Generalized Additive Models
Generalized additive models extend linear models and generalized linear models by flexibly modeling additive nonlinear relationships between the predictors and the response. Whereas linear models assume that the response is linear in each predictor, additive models assume only that the response is affected by each predictor in a smooth way. The response is modeled as a sum of smooth functions in the predictors, where the smooth functions are estimated automatically using smoothers. Additive models may be useful for obtaining a final fit or for exploring what types of variable transformations might be appropriate for use in a standard linear model.
To fit a generalized additive model
Choose Statistics
Regression
Generalized
Additive. The
dialog shown below appears.
Model page
In the Generalized Additive Models dialog, the Model page contains the following options:
Data
Data Set
Select a data set from the dropdown list or type the name of a data set. You can also type into the Data Set edit field any expression that evaluates to a data set.
Weights
Enter the column that specifies weights to be applied to all observations used in the analysis. To weight all rows equally, leave this blank.
Enter an S-PLUS expression that identifies the rows to use in the analysis. To use all the rows in the data set, leave this field blank.
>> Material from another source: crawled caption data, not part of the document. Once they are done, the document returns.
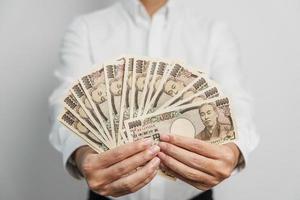 Hand des Mannes, die einen Stapel japanischer Yen-Banknoten hält. Tausend Yen Geld. japanische bargeld-, steuer-, rezessionswirtschafts-, inflations-, investitions-, finanz- und einkaufszahlungskonzepte foto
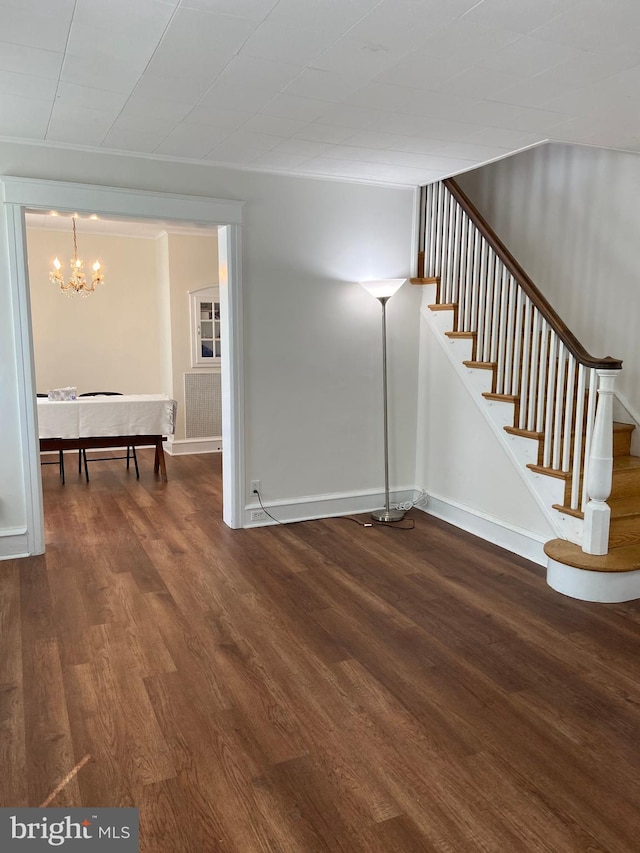 interior space featuring a notable chandelier, stairway, baseboards, and wood finished floors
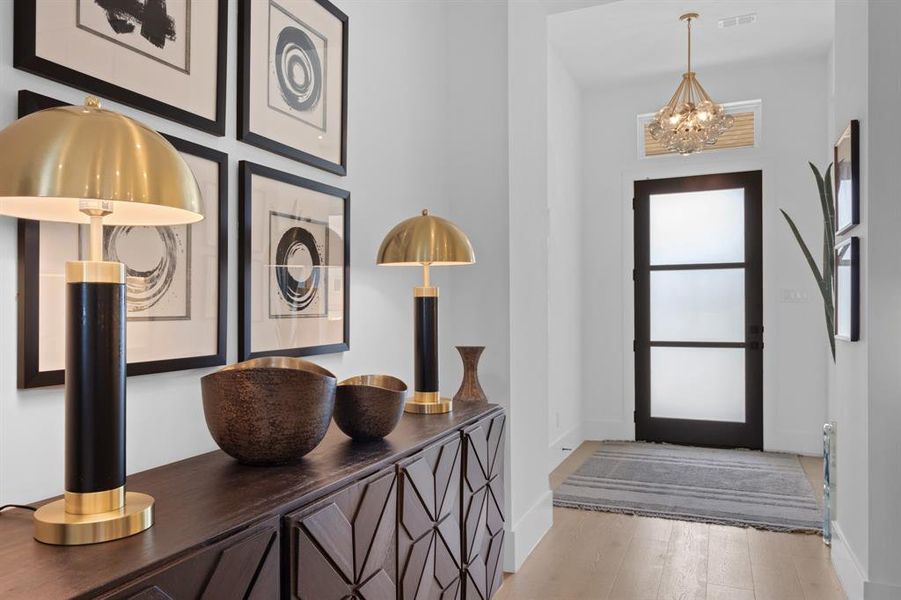 Entryway with a chandelier, Hardwood finished white oak floors, and baseboards. Light and Bright throughout! Entryway with a chandelier, Hardwood finished white oak floors, and baseboards. Light and Bright throughout!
Select this box to omit from the analysis any rows in the data set that contain missing values for any of the variables in the model.
Formula
In the Formula field, enter a formula specifying the desired model. In its simplest form a formula consists of the response variable, a tilde (~), and a list of predictor variables separated by "+"s. An intercept is automatically included by default.
Create Formula
Click the Create Formula button to open a formula builder dialog used to construct a formula specifying the desired model. See the online Help section Building Formulas for more information.
Model
Family Select a distribution family for the model.
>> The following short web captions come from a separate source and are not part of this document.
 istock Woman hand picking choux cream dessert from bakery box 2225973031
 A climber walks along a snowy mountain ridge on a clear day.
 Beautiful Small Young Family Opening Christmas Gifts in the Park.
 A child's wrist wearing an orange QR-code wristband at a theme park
Link Select the link function for the model. The link function of the response is modeled as the sum of linear terms. The possible link functions depend on the family.
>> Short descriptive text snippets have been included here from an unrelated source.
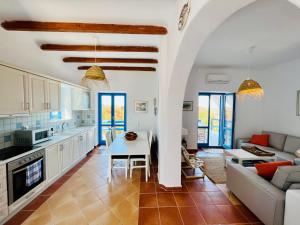 a kitchen and living room with a couch and a table at Paros Home in Kampos Paros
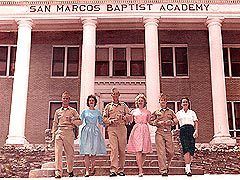 Vintage photo of cadets and students in 1950s attire posing at original brick academy building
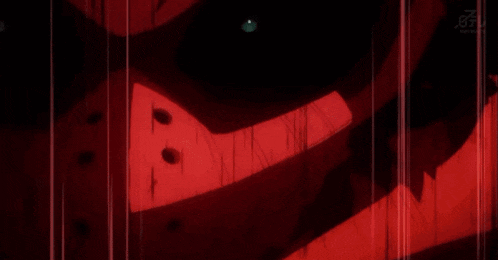 a close up of a person 's face with a red light behind them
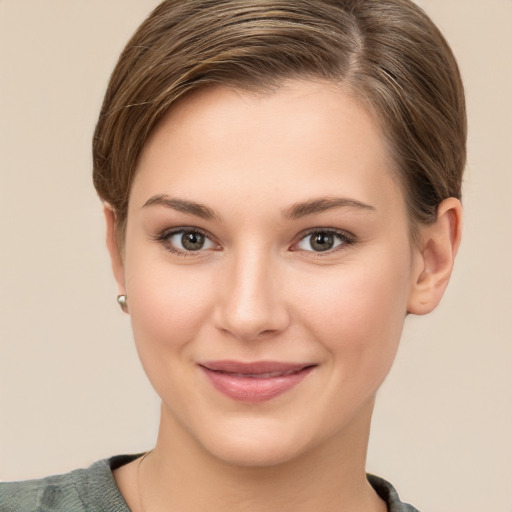 Joyful white young-adult female with short  brown hair and grey eyes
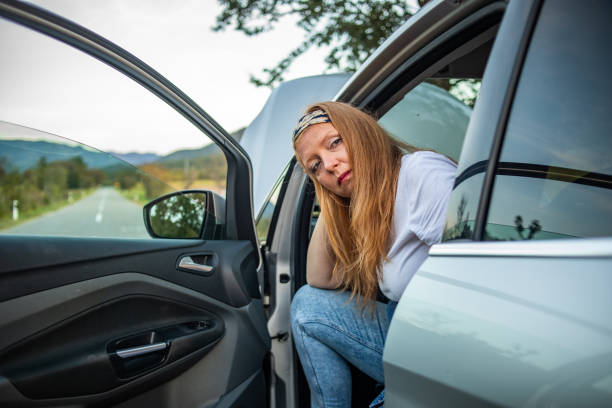 istock Girl having car trouble. 1324032290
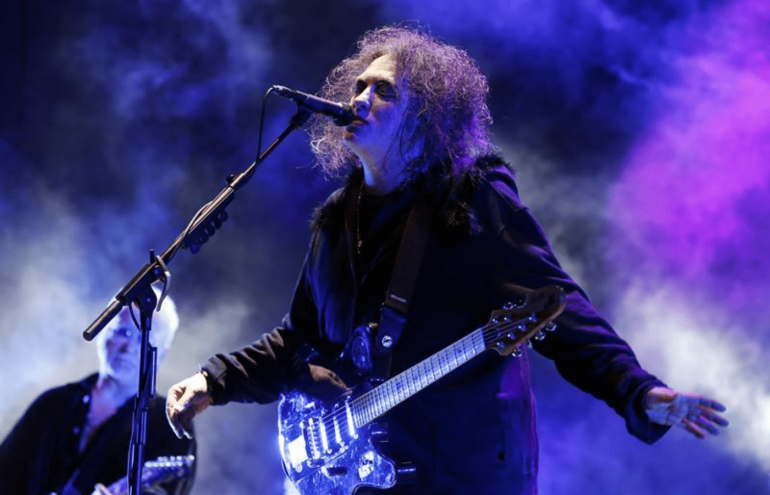 Robert Smith, vocalista do "The Cure" de braços aberto vestindo uma blusa de frio de cor preta canta de frente para um pedestal equipado com um microfone. Ele possui uma guitarra presa com uma fita ao pescoço.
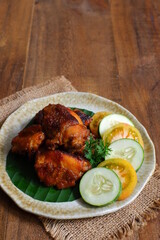 a plate of chicken roasted with vegetables 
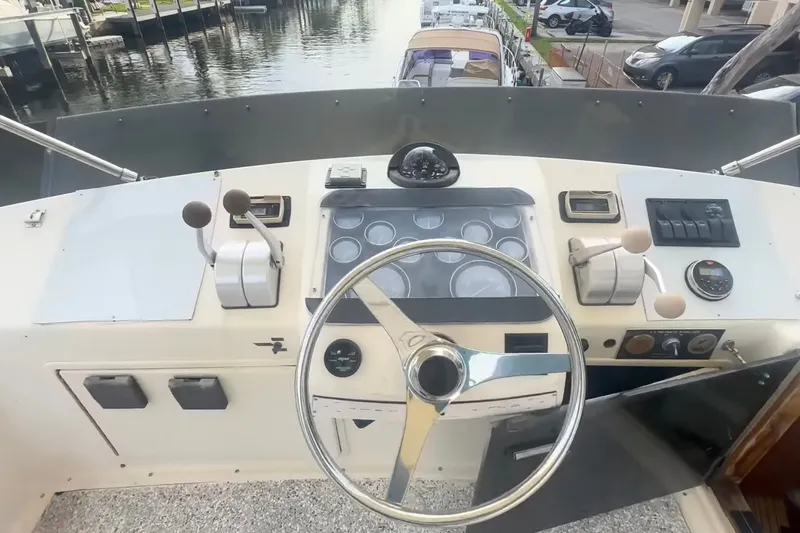 Slide: The Image of 1989 Ocean Yachts 48 Motor Yacht helm with steering wheel and control panel, dockside view. - 38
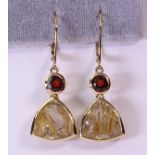 Pair of Rutilated quartz, diamond and 14k yellow gold earrings featuring (2) shield shaped rutilated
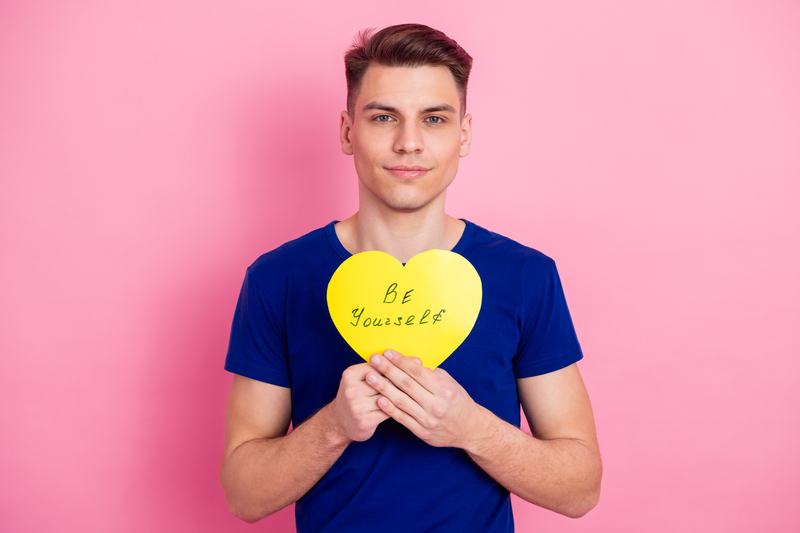 Teenage Boy Holding A Heart Shaped Sign That Reads be Yourself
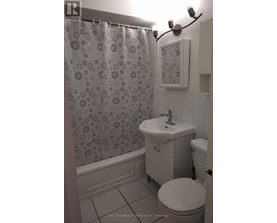 A bathroom with a shower curtain, toilet, and sink.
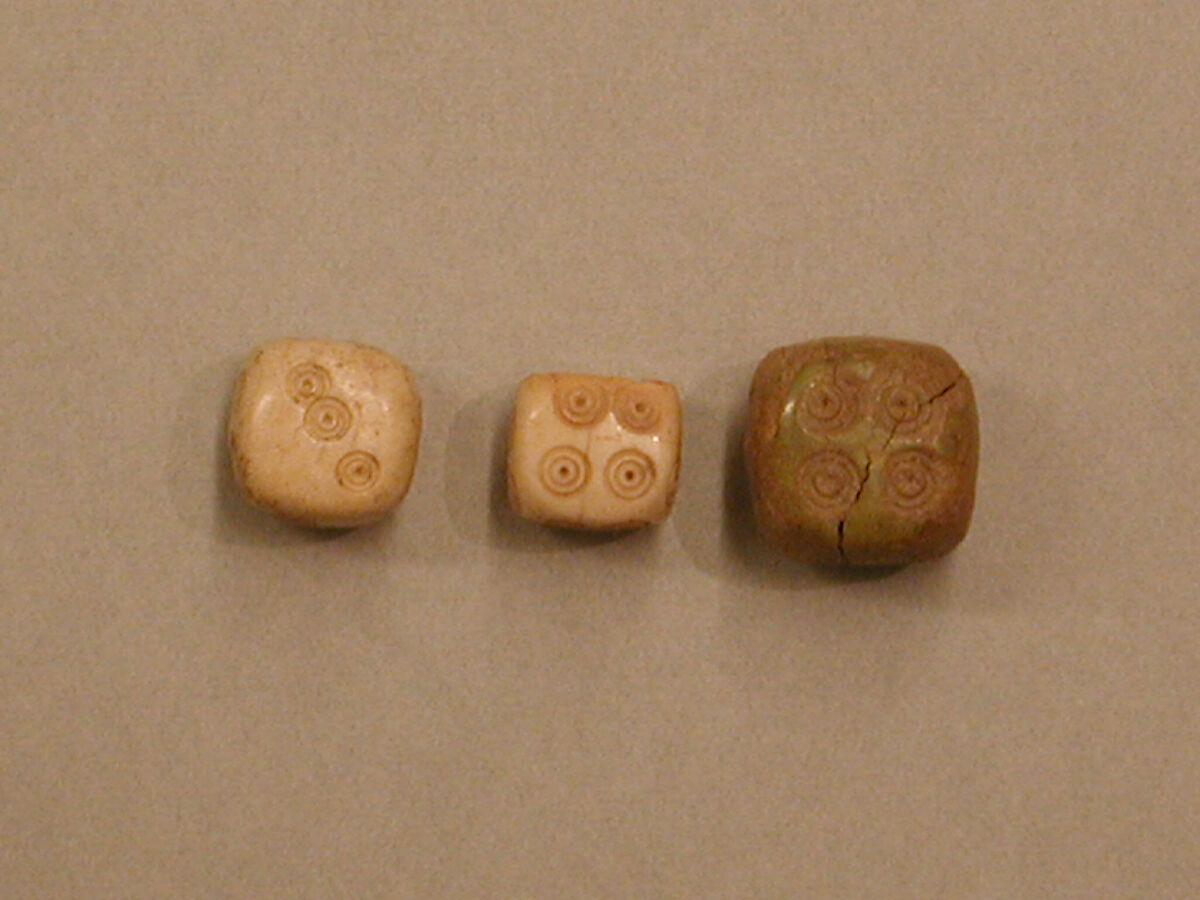 Dice, Ivory or bone; incised and inlaid with paint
Variance For the quasi family a variance function can be selected.
Save Model Object
In the Save As field, enter the name for the object in which to save the results of the analysis. If an object with this name already exists, its contents are overwritten. The model object can be used in later functions such as plotting.
Options page
In the Generalized Additive Models dialog, the Options page contains the following options:
Optimization Parameters
Enter a numeric value specifying the maximum number of iterations to perform for the maximum likelihood estimation procedure.
Enter a positive number used as the tolerance for the convergence criterion in the algorithm.
Maximum Backfitting Iterations
Enter the maximum number of backfitting iterations.
Backfitting Convergence Tolerance
Enter the convergence threshold for backfitting iterations.
Print Iteration Trace
Select to print a summary of each iteration.
Results page
In the Generalized Additive Models dialog, the Results page contains the following options:
Printed Results
Short Output for Generalized Additive Model
Display a short summary of the model fit to the designated output window. This includes the model call, the degrees of freedom and the residual deviance.
Long Output for Generalized Additive Model
Display a detailed summary of the model fit to the designated output window.
Saved Results
Enter the name of a data set in which a part of the analysis, such as fitted values and residuals, predictions, confidence intervals, or standard errors, is saved.
Fitted Values
Save the fitted values from the model in the object specified in Save In.
Working Residuals
Store the working residuals in the object specified in Save In. The working residuals are the response minus the fitted value.
Pearson Residuals
Select to save the Pearson residuals. They are a rescaled version of the working residuals. Their sums-of-squares is the chi-squared statistic.
Deviance Residuals
Select to save the deviance residuals. These residuals are reasonable for use in detecting observations with unduly large influence in the fitting process, since they reflect the same criterion as used in the fitting.
Response Residuals
Select to save the response residuals. These are the ordinary residuals (the response minus the fitted value).
Plot page
In the Generalized Additive Models dialog, the Plot page contains the following options:
Plots
Residuals vs Fit
Select this to display a plot of the residuals versus the fitted values.
Sqrt Abs Residuals vs Fit
Display a plot of the square root of the absolute values of the residuals versus the fitted values. This plot is useful for checking for the constant variance assumption of the model.
Response vs Fit
Display a plot of the response variable versus the fitted values. The line y = x is also drawn on the graph.
Residuals Normal QQ
Display a normal quantile-quantile plot of the residuals.
Residual-Fit Spread
Display a residual-fit spread plot. This is a visual analog of the multiple R-squared statistic. It compares the spread of the fitted values to the spread of the residuals.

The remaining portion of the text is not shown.